The statement acknowledges the difficulty clinicians face in managing patients with high blood pressure. “From a socioeconomic health perspective, it is a major challenge to develop, promote, and implement individually tailored exercise programs for patients with hypertension under consideration of sustainable costs,” wrote Dr. Hanssen and coauthors.

Dr. Martinez noted that one strength of the consensus statement is that it addresses the impact exercise can have on vascular health and metabolic function. And, it points out existing knowledge gaps.

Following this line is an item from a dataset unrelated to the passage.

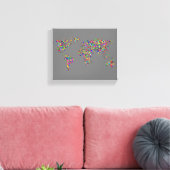 Wereldkaart in het mistfilter canvas afdruk (Insitu (Woonkamer))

“Are we going to see greater applicability of this as we use IT health technology?” he asked. “Are wearables and telehealth going to help deliver this message more easily, more frequently? Is there work to be done in terms of differences in gender? Do men and women respond differently, and is there a different exercise prescription based on that as well as ethnicity? We well know there’s a different treatment for African Americans compared to other ethnic groups.”

The statement also raises the stakes for using exercise as part of a multifaceted, integrated approach to hypertension management, he said.

“It’s not enough to talk just about exercise or nutrition, or to just give an antihypertension medicine,” Dr. Martinez said. “Perhaps the sweet spot is in integrating an approach that includes all three.”

Consensus statement coauthor Antonio Coca, MD, reported financial relationships with Abbott, Berlin-Chemie, Biolab, Boehringer-Ingelheim, Ferrer, Menarini, Merck, Novartis and Sanofi-Aventis. Coauthor Maria Simonenko, MD, reported financial relationships with Novartis and Sanofi-Aventis. Linda Pescatello, PhD, is lead author of the American College of Sports Medicine 2019 statement. Dr. Hanssen and all other authors have no disclosures. Dr. Martinez has no relevant relationships to disclose.